Intelligent Design for Dummies, Part 2
This is Part 2 of 2. You may find Part 1 here .
The Third Problem
“Finally, your story has a practical problem,” Questor says: “Is the panda’s thumb a poor design?” — whereupon a panda peeks its head through the panel and confides, “I rather like it, you know” (page 78). In essence, she is attacking premise (4) of Teller’s argument, by a clever appeal to the literature. Questor is presumably a college biology professor, and Wiester, who provided “the science input” for WDGDWI, is a college biology professor. Where do they go to get the information on the panda’s thumb? The Encyclopedia Americana, which Questor quotes as saying that the panda’s thumb “enables the panda to eat bamboo efficiently” and to “handle stems with great dexterity” (page 78, charmingly illustrated with a panda twirling stalks of bamboo in drum-major fashion). Gould, in contrast, consulted D. Dwight Davis’s monograph The Giant Panda (1964), which he characterized as “the greatest work of modern evolutionary comparative anatomy” (Gould 1980: 22).
Regardless of the far-from-authoritative nature of their source, Newman and Wiester’s emphasis on the efficiency of the panda’s thumb reveals that they have again misrepresented Gould’s argument, apparently due to their conflation of two senses in which it is possible for design (or, if you prefer, “design”) to be suboptimal. In the first sense, a biological feature is suboptimally designed if it accomplishes its function not as efficiently as it (or a plausible substitute) might. Thus in the first sense, to say that the panda’s thumb is suboptimally designed is to say that it is not as useful for stripping leaves from bamboo as it (or a plausible substitute) might be. In the second sense, however, a biological feature is suboptimally designed if it is not designed as well as it might have been, that is, if the process whereby it acquired the ability to accomplish its function was not as efficient as it (or a plausible substitute) might have been.
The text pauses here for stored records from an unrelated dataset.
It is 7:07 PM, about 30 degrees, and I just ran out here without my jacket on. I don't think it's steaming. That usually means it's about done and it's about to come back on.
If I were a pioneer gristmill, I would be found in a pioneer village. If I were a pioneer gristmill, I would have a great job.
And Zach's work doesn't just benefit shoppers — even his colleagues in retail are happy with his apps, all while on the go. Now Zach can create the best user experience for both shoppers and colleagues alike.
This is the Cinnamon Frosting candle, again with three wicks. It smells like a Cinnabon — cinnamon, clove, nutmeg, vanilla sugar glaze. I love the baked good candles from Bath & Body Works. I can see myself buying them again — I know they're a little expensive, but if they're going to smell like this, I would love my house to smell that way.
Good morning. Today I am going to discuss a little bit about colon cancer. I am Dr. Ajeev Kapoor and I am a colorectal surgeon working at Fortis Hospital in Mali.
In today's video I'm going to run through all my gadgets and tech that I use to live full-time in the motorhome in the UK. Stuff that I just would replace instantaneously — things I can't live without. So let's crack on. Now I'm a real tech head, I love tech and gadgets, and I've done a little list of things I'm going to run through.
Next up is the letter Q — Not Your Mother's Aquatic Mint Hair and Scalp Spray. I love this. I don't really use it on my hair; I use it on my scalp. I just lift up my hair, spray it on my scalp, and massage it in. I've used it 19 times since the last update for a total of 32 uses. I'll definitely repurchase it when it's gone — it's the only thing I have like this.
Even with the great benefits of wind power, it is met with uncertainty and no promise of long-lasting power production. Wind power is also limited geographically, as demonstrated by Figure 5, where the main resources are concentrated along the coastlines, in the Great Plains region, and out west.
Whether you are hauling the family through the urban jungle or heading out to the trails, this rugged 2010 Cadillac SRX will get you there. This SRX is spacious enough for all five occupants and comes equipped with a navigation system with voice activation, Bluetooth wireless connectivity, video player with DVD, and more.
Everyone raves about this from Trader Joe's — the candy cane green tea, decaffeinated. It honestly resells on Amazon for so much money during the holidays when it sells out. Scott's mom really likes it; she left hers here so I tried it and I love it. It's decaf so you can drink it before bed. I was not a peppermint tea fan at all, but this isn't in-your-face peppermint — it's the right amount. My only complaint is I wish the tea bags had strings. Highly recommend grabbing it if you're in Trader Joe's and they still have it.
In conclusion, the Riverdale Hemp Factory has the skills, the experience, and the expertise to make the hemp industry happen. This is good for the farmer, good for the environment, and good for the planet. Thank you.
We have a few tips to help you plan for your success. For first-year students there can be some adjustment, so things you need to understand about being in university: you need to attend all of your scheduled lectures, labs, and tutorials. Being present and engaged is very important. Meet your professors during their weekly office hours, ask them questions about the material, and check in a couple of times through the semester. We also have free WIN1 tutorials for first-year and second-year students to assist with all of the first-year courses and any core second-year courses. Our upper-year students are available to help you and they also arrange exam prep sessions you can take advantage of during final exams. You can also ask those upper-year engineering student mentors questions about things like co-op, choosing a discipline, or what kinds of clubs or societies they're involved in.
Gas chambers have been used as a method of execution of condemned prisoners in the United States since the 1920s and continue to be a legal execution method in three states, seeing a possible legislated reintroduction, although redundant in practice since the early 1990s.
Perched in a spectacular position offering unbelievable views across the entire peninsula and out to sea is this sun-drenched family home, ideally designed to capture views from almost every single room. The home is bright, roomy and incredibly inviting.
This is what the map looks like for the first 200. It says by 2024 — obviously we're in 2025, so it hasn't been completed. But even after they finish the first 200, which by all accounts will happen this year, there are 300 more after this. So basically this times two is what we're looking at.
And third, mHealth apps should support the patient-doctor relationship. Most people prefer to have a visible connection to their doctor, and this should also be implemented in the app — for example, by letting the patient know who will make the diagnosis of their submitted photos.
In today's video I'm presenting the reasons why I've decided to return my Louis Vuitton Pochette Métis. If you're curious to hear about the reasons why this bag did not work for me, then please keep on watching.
That there is such a sense of what it is for design to be suboptimal is testified to by the computer engineer’s word “kludge,” which refers to a clumsy and inelegant, but not necessarily ineffective, solution to a problem. In the second sense, to say that the panda’s thumb is suboptimally designed is to say that the process whereby it acquired the ability to strip leaves from bamboo was a kludge.